- BRIEF
The records below are to be output exactly, except for their pictures.

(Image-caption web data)
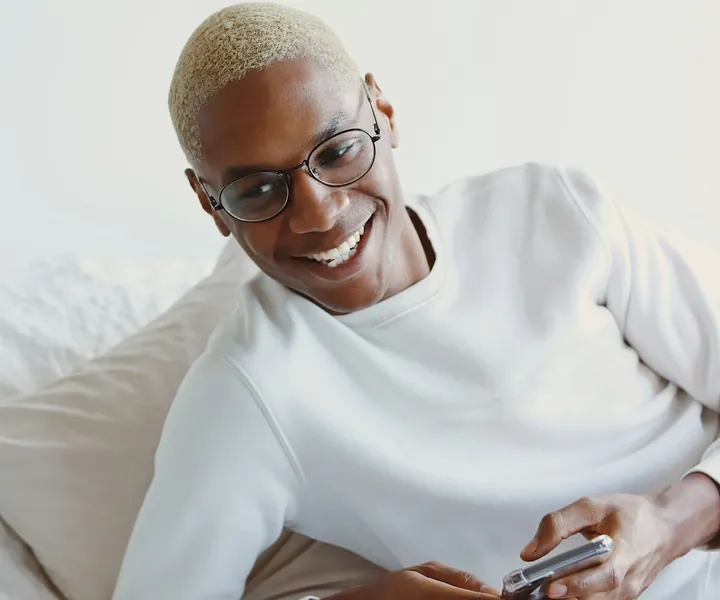 Homme souriant qui cherche un logement sur son téléphone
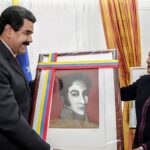 Then-Prime Minister of Trinidad and Tobago, Kamla Persad-Bissessar, received a portrait of Simón Bolívar from the President of Venezuela, Nicolás Maduro in 2015. Photo: Wired 868/file photo.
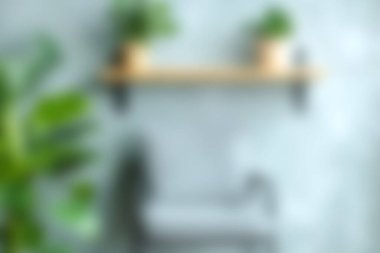 Kapalı mekandaki minimalist bir sahne, yumuşak ve bulanık bir arka plana karşı saksı bitkileriyle süslenmiş şık bir raf sergiliyor ve sakin bir ortam yaratıyor..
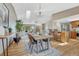 Open-concept dining room featuring a wood table set for four, hardwood floors, and a view into the living room at 36921 Ruger Ct, Elizabeth, CO 80107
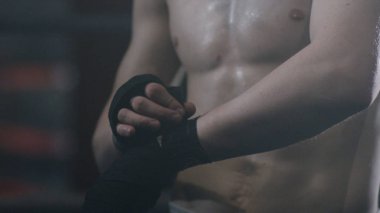 Bir boksör mücadele karanlık bir arka plan üzerinde hazırlama askıları koyarak kapatın. Boksör bandaj boks kırmızı portre erkek el. Fighter fight veya eğitim spor salonunda önce yumruk.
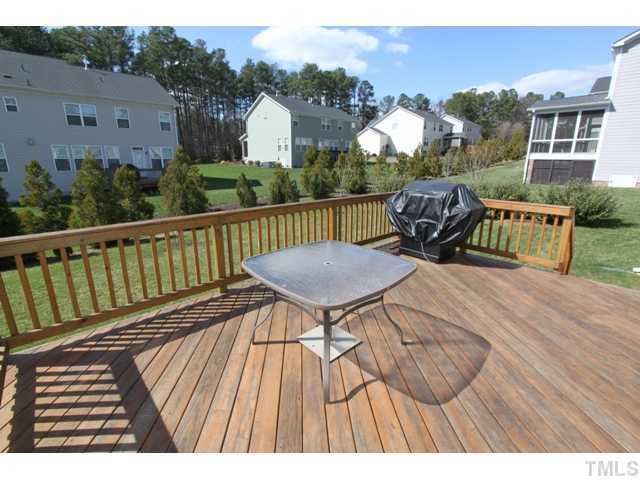 5807 Claribel Court Raleigh, NC 27612 - Photo 21 of 24 New, large deck with upgraded railings & diagonal deck boards replaces the small 10x12 builders' deck! Various trees & landscaping islands added to landscape Patio/Deck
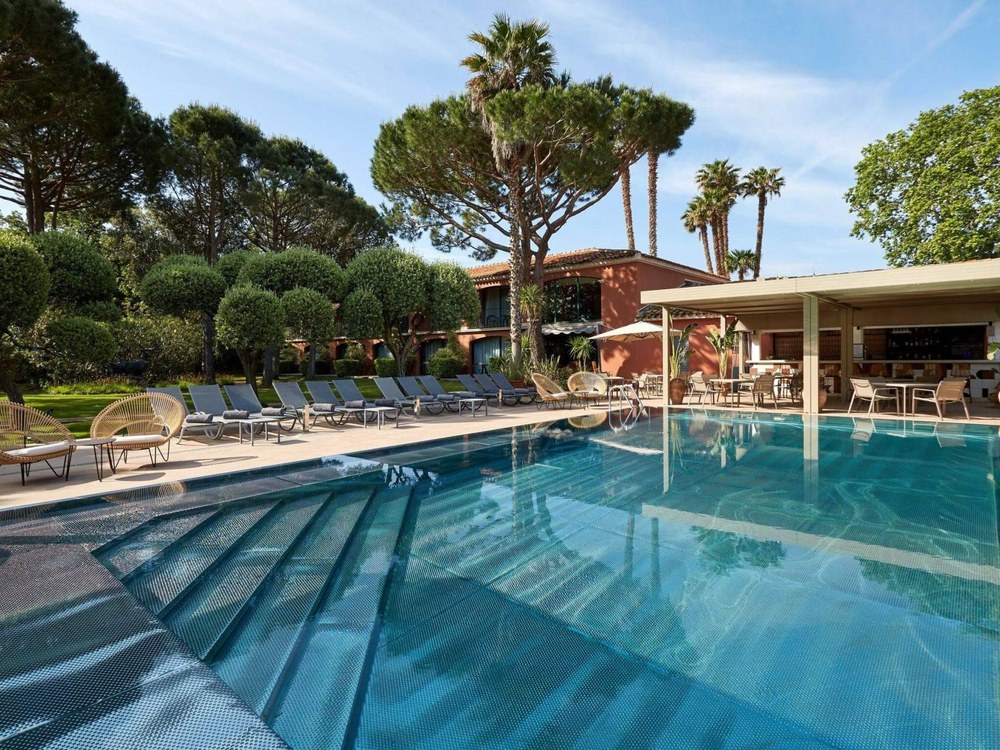 La piscine miroir de La Villa Duflot à Perpignan, bordée de pins parasols et d'oliviers taillés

- ANSWER TO THIS TASK
 Homme souriant qui cherche un logement sur son téléphone
 Then-Prime Minister of Trinidad and Tobago, Kamla Persad-Bissessar, received a portrait of Simón Bolívar from the President of Venezuela, Nicolás Maduro in 2015. Photo: Wired 868/file photo.
 Kapalı mekandaki minimalist bir sahne, yumuşak ve bulanık bir arka plana karşı saksı bitkileriyle süslenmiş şık bir raf sergiliyor ve sakin bir ortam yaratıyor..
 Open-concept dining room featuring a wood table set for four, hardwood floors, and a view into the living room at 36921 Ruger Ct, Elizabeth, CO 80107
 Bir boksör mücadele karanlık bir arka plan üzerinde hazırlama askıları koyarak kapatın. Boksör bandaj boks kırmızı portre erkek el. Fighter fight veya eğitim spor salonunda önce yumruk.
 5807 Claribel Court Raleigh, NC 27612 - Photo 21 of 24 New, large deck with upgraded railings & diagonal deck boards replaces the small 10x12 builders' deck! Various trees & landscaping islands added to landscape Patio/Deck
 La piscine miroir de La Villa Duflot à Perpignan, bordée de pins parasols et d'oliviers taillés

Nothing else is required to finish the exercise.